The international posse of media and a global audience has heard nothing from Pistorius himself, unless you count a written affidavit that was read in court by his lawyer on Wednesday. But the athlete wanted this bail decision desperately, and as Nair handed down his judgment on Friday, it must have meant as much to Pistorius as any of his triumphs on the track, where he became the first double amputee to compete in both the Olympics and the Paralympics.

Pretoria Central Prison, where he would have been sent back if denied bail, is by all accounts a godforsaken place – a dirty, noisy, violent, crowded, dangerous and soul-destroying jail that no one, especially a famous, white, wealthy, amputee superstar would want to spend his time.

Yet even more significantly for Pistorius' potential future liberty is the reality that under South African legal regulations, defendants who are bailed are widely considered to have significant advantages come trial time.

"It is hugely preferable for the defense to have the accused out on bail rather than being incarcerated," legal expert Manny Voets told 567 The Cape radio. "If the accused is in prison, you have to schedule appointments to visit, there is limited time and you are in a small room.

"Being out of prison is much easier. He can be seen in chambers and the preparation for defending the case is just much smoother. It is definitely preferable and can be very important in cases."

Pistorius will be relieved to be out of Pretoria Magistrates Court, where he spent four tense days under heavy scrutiny, much of it in floods of tears. While Pistorius could often maintain his composure during the more technical aspects of the legal deliberations, he would generally break down into sobs and gasps whenever assertions from either counsel turned to the actual events of Valentine's Day morning.

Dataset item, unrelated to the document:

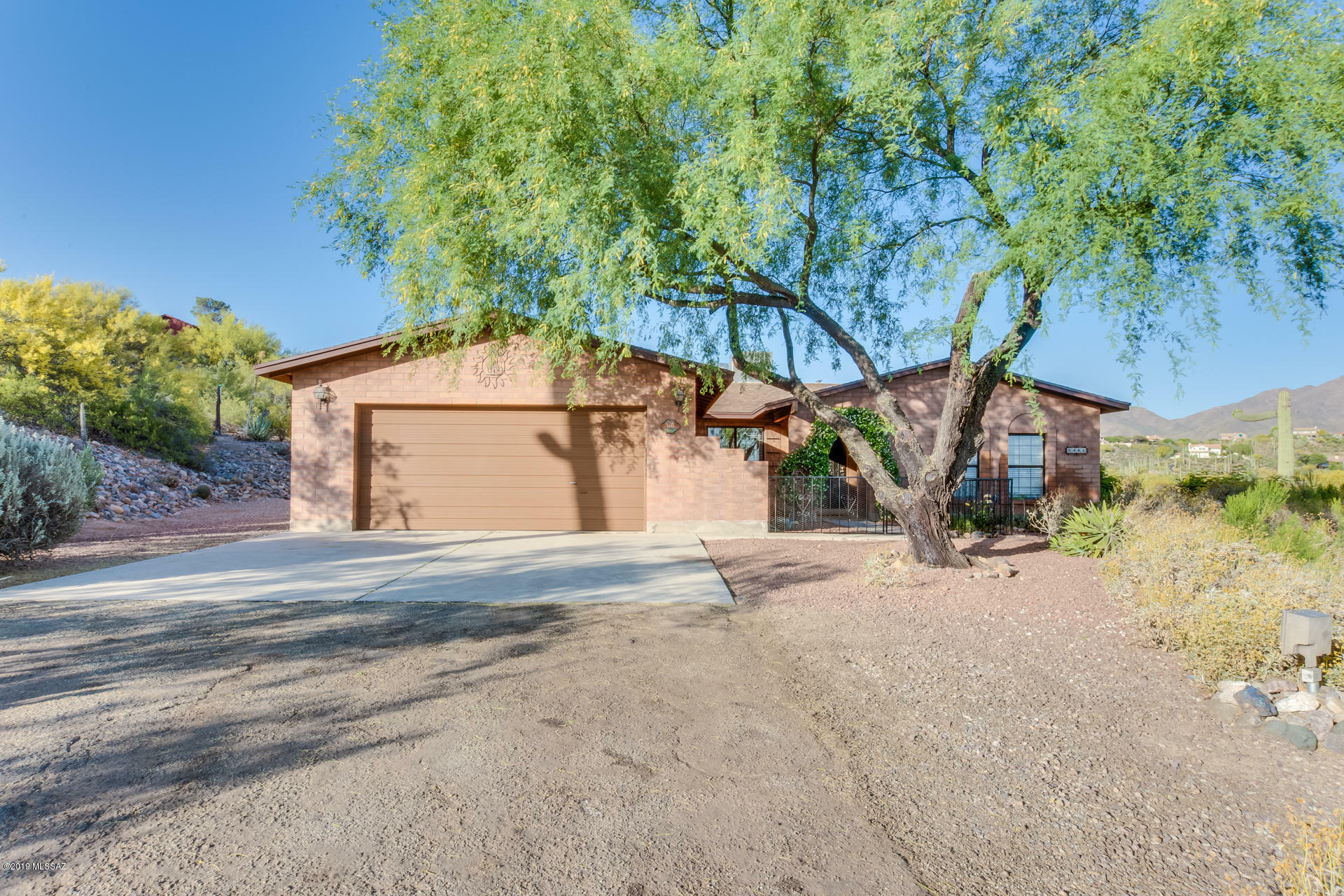 Property Photo:  5441 W Placita De La Promesa  AZ 85745 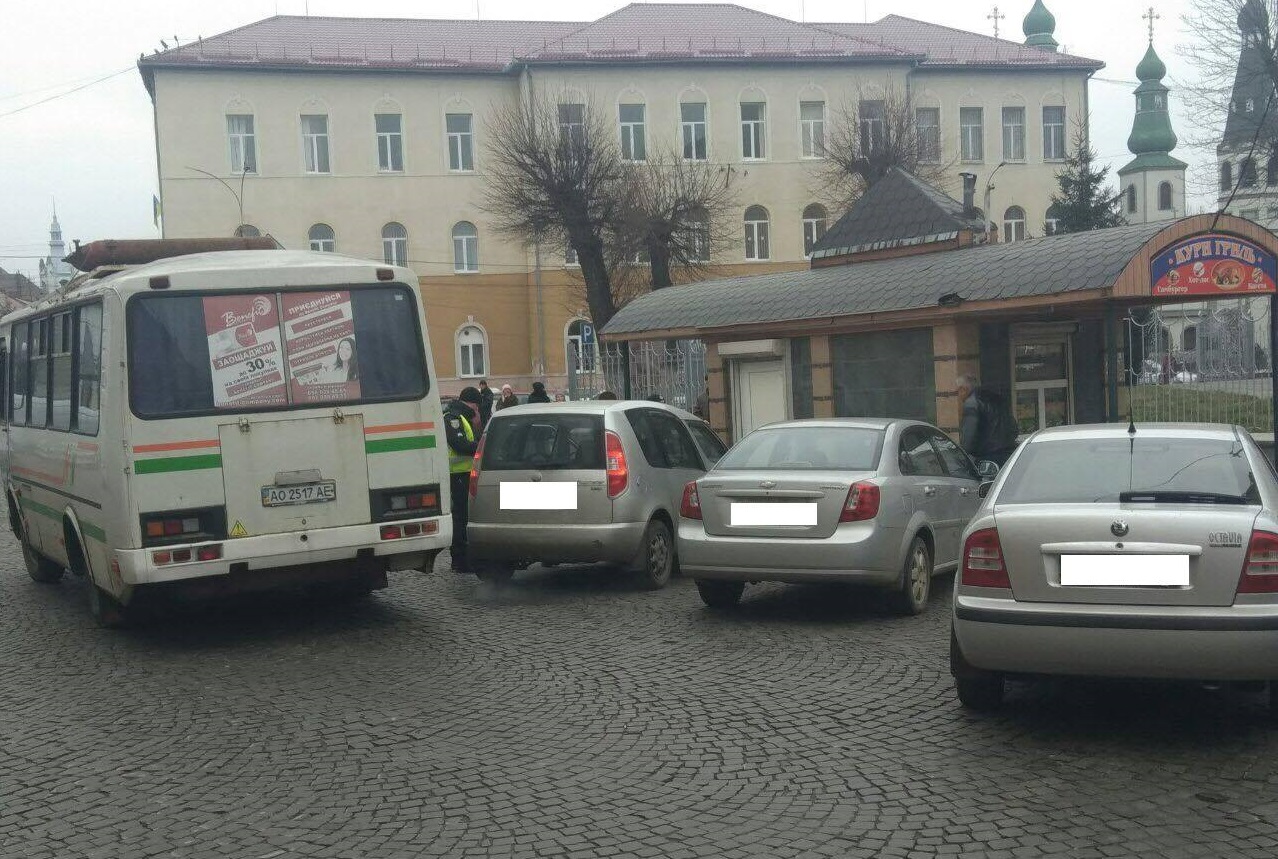 У Мукачеві штрафують "водіїв-оленів" У Мукачеві штрафують "водіїв-оленів", які паркуються у заборонених місцях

His equilibrium was tested fully on Friday morning, as prosecutor Gerrie Nel began his final push for the denial of bail by going firmly on the attack. Nel was adamant that the prosecution would assert Steenkamp had fled to the bathroom at Pistorius' luxury residence in the Silver Lakes community either to "escape an argument or a gun."

He also claimed Pistorius may have had his defense – his belief that an intruder had entered the house – prepared before the actual shooting took place.

"I have my gun, I want to shoot her, and when they ask me, I'll say it was an intruder," said Nel, giving his interpretation of what he believed to be the runner's mindset. "As soon as they confront me, I'll say it was a burglar."

Pistorius' sister Aimee and other members of his support looked disgusted at the suggestion, and were similarly unimpressed when Nel insisted he posed a flight risk, highlighting his access to a property in Italy where he has regularly trained during the European track season.

Nel likened the matter to that of WikiLeaks founder Julian Assange, still holed up in the Ecuadorian embassy in London and avoiding extradition to Sweden where he is facing allegations of sexual assault.

After Nel also issued stout criticism of Pistorius for not personally taking the stand, defense counsel Barry Roux argued for a charge of culpable homicide, a lesser charge than murder, and claimed that any intent to kill an intruder could not be read as intent to kill Steenkamp.

Roux also pounced on the holes in the evidence put forward by the stumbling testimony of Botha. That disastrous second afternoon for the prosecution marked the turning point from which the prosecution could not recover.

The bail ruling opens the possibility that Pistorius could return to athletic training, with his running coach Ampie Loew insisting he would like to see the 400-meter star back in training as early as Monday as a means to shifting his mind onto more positive things than the bloody events of Valentine's Day morning and the fatal shooting of Steenkamp.